Bu yıl rekoltenin az olması nedeniyle fiyatlar yüksek. Bizler çok mutluyuz. Geçen yıldan kalan borçlarımızı ödemenin sevincini yaşıyoruz. İnşallah fiyatlar bu şekilde devam eder ve biz üreticilerin yüzü gülmeye devam eder" dedi. Limon Üreticisi Mehmet Topkara ise, "Bu yıl limonların rekoltesinin düşmesine rağmen limon fiyatları çok iyi gidiyor. Ben limonumu dalında kilosunu 2,5 liraya sattım. Bu yıl limon altın yılını yaşıyor. Hem üreticiler hem de tüccarların yüzü gülecek" dedi.
LİMONDA ALIM SIKINTISI YOK
Erdemli'de limon tüccarı Erdoğan Yaşar ise "Limonda bu yıl alım sıkıntısı yaşanmıyor. Limonun gidişatı çok güzel. Mayer cinsi limonların kilosunu şu anda 2,5 liraya alıyoruz. Limonları, fabrikamıza getirip işledikten sonra 5 liraya mal ediyor. Daha sonra limonlarımızı Büyükşehirlerimize gönderiyoruz. Bu yıl limon üreticisinin yüzü gülecek" dedi.
İHRACATTAKİ ARTIŞ DA ETKİLİ
Mersin ve çevresinde üretimin yaygın olarak yapıldığı limonda, tek merkezli üretim nedeniyle fiyat artışının kaçınılmaz olduğunu dile getiren tarım yazarı Ali Ekber Yıldırım, işçilik, nakliye, kasa maliyeti ve ambalaj giderlerinin hesaplandığında limon fiyatının 2-2,5 liradan 10 liraya kadar yükseldiğine dikkat çekti. Ekber, limonun dalından tüketiciye gidinceye kadar uzun bir yolculuğu olduğunu belirterek hal kirası, iklim faktörleri, ihracattaki artışın fiyatı yükselttiğini söyledi.

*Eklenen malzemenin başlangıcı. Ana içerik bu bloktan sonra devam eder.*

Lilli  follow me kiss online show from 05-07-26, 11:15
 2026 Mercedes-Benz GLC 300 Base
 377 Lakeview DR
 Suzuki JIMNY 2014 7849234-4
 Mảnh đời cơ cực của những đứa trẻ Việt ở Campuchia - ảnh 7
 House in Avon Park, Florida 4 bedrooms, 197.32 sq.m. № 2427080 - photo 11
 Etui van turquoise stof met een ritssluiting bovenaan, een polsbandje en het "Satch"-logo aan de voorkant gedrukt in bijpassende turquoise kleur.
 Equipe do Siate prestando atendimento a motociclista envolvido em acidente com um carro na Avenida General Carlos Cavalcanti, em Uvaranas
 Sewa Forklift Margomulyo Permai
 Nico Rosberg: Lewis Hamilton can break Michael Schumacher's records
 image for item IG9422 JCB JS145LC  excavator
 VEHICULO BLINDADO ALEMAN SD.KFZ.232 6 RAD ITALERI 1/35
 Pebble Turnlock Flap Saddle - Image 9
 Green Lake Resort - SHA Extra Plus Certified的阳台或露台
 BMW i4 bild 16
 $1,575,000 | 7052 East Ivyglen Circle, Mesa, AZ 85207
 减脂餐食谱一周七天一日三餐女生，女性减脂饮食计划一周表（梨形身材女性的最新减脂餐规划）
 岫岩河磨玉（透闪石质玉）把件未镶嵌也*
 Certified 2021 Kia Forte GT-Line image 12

Tarladan fabrikaya, fabrikadan satıcılara, satıcılardan da tezgaha ulaşan limon pek çok aşamadan geçiyor. Bu maliyetli süreçte limonun fiyatı iki katına çıkıyor. Üretimdeki azalmaya bağlı olarak fiyatlarda artış yaşandığına dikkat çeken tarım yazarı Ali Ekber Yıldırım, 2018'de üreticinin limonun kilosunu 25- 30 kuruşa sattığını ancak bu yıl dalından 2- 2,5 liraya alındığını söyledi. Limonun üreticiden sonra bir uzun bir serüveni olduğunu belirten Yıldırım, "Yıllara göre değişmekle birlikte limonun yüzde 65- 70'i Mersin Erdemli'de üretiliyor. Üretim bölgesi Mersin iken tüketim bölgesi ağırlıklı olarak İstanbul, Ankara, İzmir gibi büyükşehirler. Ürünü oradan alıp taşıyorsunuz. Bu da ciddi bir maliyet gerektiriyor. Ürün hale girince komisyon ödeniyor. Tüketici halinde bir daha komisyon ödeniyor. Yani üreticiden 2- 2,5 liraya alınan limon tüketiciye 5- 6 liraya, hatta markette 10 liraya ulaşıyor. Bu durum birçok ürün için geçerli. Yani domateste de böyle. Domatesi Antalya'dan alıp İstanbul'a götürdüğünüzde fiyatı en az 2 ya da 3 katına çıkıyor. Bedava bile alsanız tüketiciye gidinceye kadar yüksek girdi maliyetleri nedeniyle fiyatı artıyor" dedi. Benzer giderlerin geçmişte de olduğunu ancak son yıllarda konuyla ilgili duyarlılığın arttığını ifade eden Yıldırım, şöyle konuştu:
"Medya bile eskiden tarım ürünleriyle çok ilgilenmezdi. Ancak sel, dolu gibi felaket durumlarında haber yapılırdı. Üretimin tek merkezli olduğu ürünlerde fiyat artışı daha çok yaşanıyor. Ürün işletmede işlendikten sonra işçi giderleri gündeme geliyor. Ürün hale geliyor. Yaş sebze ve meyvenin yüzde 25- 30'u yolda çürüyor. İşçilik, ulaşım, kasa maliyeti ve ambalaj giderleri hesaplandığında bu fiyat artışı yaşanıyor."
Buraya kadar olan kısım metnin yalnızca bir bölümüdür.